A 38-year-old benefit fraudster who claimed £8,710 to which she wasn’t entitled has been put on probation for 12 months.

Jennifer Anne Cowie failed to declare money two ex-partners were paying to her as well as two accounts.

She admitted three counts of benefit fraud and is already paying back the money at a rate of £15 per week, deducted from her benefits.

Prosecuting advocate Barry Swain told the court that Cowie’s benefits claim had not been fraudulent from the outset.

Cowie started claiming income support benefits from January 2021.

However, a few weeks after this, she received money from two former partners.

She also failed to declare a Paypal account and a bank account at Barclays.

A probation report said that Cowie had mental health issues and was unsuitable for community service.

She told probation that the money she had received had been ‘gifts’ and she had not realised she had to declare it.

She also said that some of the money in the Paypal account was won via Sky Vegas, a gambling website.

Defence advocate Ian Kermode entered a basis of plea for his client, in which Cowie said the payments from her former partners had been periodic and not regular.

She accepted that she should have notified the Department of Health and Social Care when her circumstances changed, but said that she had not fully understood what had to be put on the forms.

Mr Kermode reiterated that Cowie’s benefits claim had been lawful initially, and said that all the overpaid benefits had been spent on living expenses, as she was a single parent struggling financially.

The advocate asked for credit to be given for the guilty pleas and Cowie’s admissions during an interview at Markwell House.

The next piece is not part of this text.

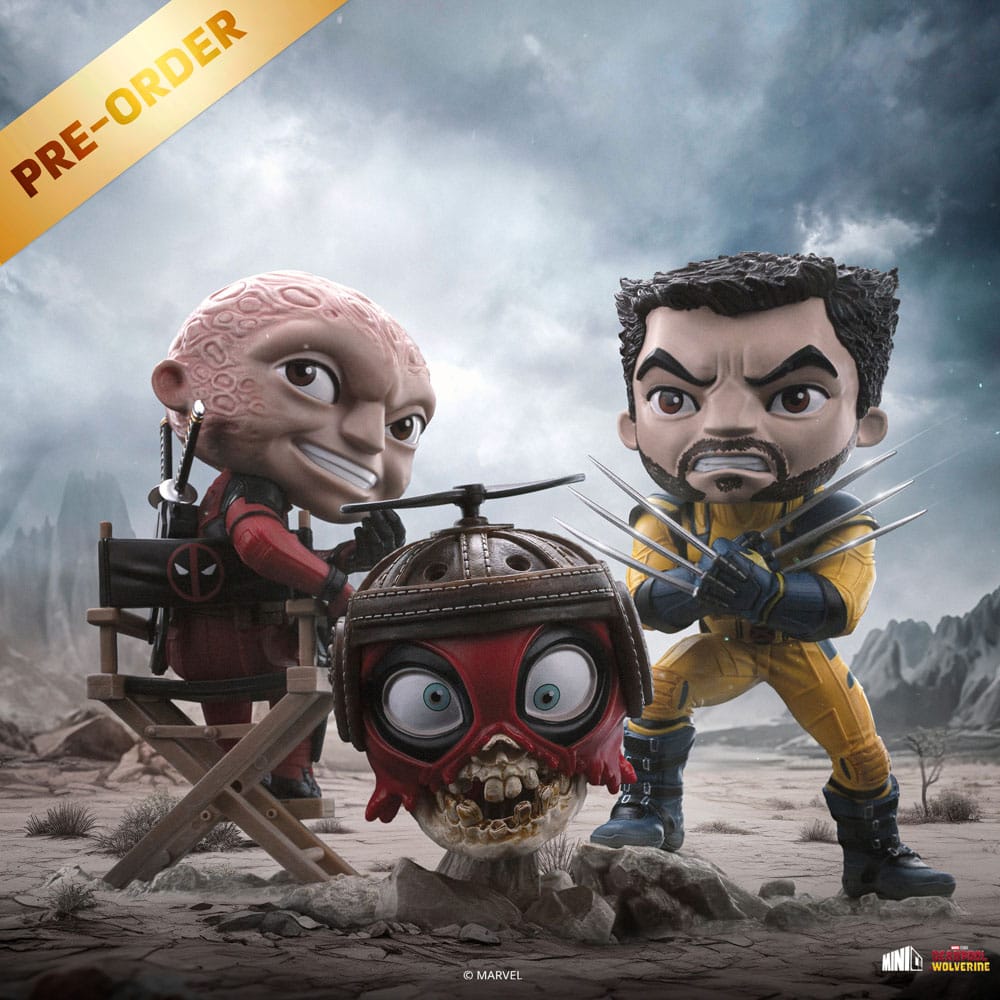 Deadpool & Wolverine Mini Co. PVC Figure Deadpool and Wolverine set Unmasked 14 cm 0618231955817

High Bailiff Jayne Hughes said: ‘This was a significant overpayment.

‘A significant amount of money taken from the Isle of Man Treasury to which you were not entitled.’

The High Bailiff said that she had taken into account that Cowie had begun repaying the money and that the claim was not fraudulent from the outset.

Cowie, who lives at Lheannag Park in Douglas, was also ordered to pay £50 prosecution costs by September 15.